В этот день мы почувствовали свое сиротство. Солдаты угрюмо разбрелись по развалинам. Утром они снова толпились у дверей закрытого кабачка. Каждому хотелось заглянуть туда, увидеть, что там происходит. Но сипай, угрюмо охранявший вход, не подпускал нас близко.
Мы были разбиты тяжелой обидой. Мы бродили вокруг домика и ждали, не раскроется ли ставень, не скрипнет ли дверь. Но дом молчал.
Мы были настроены лирически.
Шапиро из второго взвода прочитал мне свои стихи, посвященные Маргерит. Шапиро, по прозванию Цыпленок, был сутулый, тщедушный парень с еврейским носом и впалой грудью. Стихи он написал по-французски. Стихи были плохие.
Но отсутствие хозяек Морэн волновало не только Шапиро. Все были обижены. Лум-Лум вспомнил, что Маргерит любит тартинки из поджаренного солдатского хлеба. Мы послали ей через ребят целую буханку. Мы передали также целую банку консервов из лакомого английского бойледбифа, полученную в рационе. Говорили, будто кое-кто из Легиона даже цветы послал хозяйкам.
з
Рытье подземных ходов продолжалось. Саперы утверждали, что мы зашли в тыл немецкого окопа.

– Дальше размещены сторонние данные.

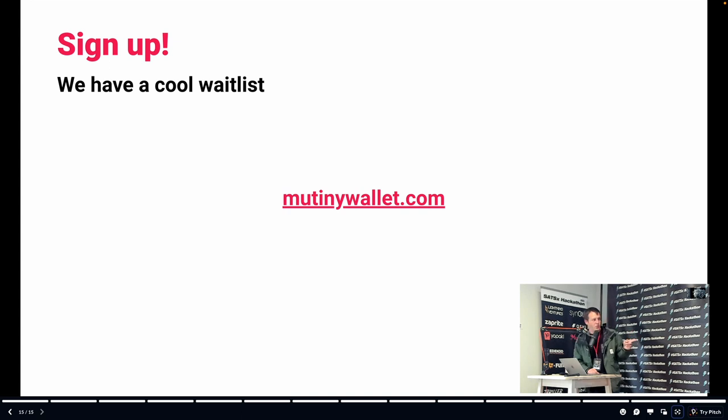We have a pretty cool waitlist. If you go to MutinyWallet.com, you can sign up with email like a boring normie waitlist, but you can also use your npub. It was fun to have this idea from the premise of privacy — the very first thing we do as a private Lightning wallet is ask for your email address, but here you just give us your npub. Just create a new npub, it doesn't matter. Give us your npub and we'll DM you when you're in.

— Скоро можно и взрывать! — сказал их сержант, руководивший работами. Он сидел в сапе, на земле, набивал трубку и полушепотом пояснял: — Сейчас мы как раз под их командным постом. Если успеете взорвать, получится паштет из баварского пехотного мяса. Как они только явятся перед всевышним в таком виде, эти сволочи?
Однако, возвращаясь из подземелья к себе, мы неподалеку от выхода, то есть уже под нашим расположением, услышали глухие подземные стуки.
— Ну что ж! — добродушно улыбаясь, сказал сапер.— А это они уже под вас подкопались, Легион. На то и война, дорогие!
Сапер был спокоен: ему в этих окопах не жить, он не пайщик.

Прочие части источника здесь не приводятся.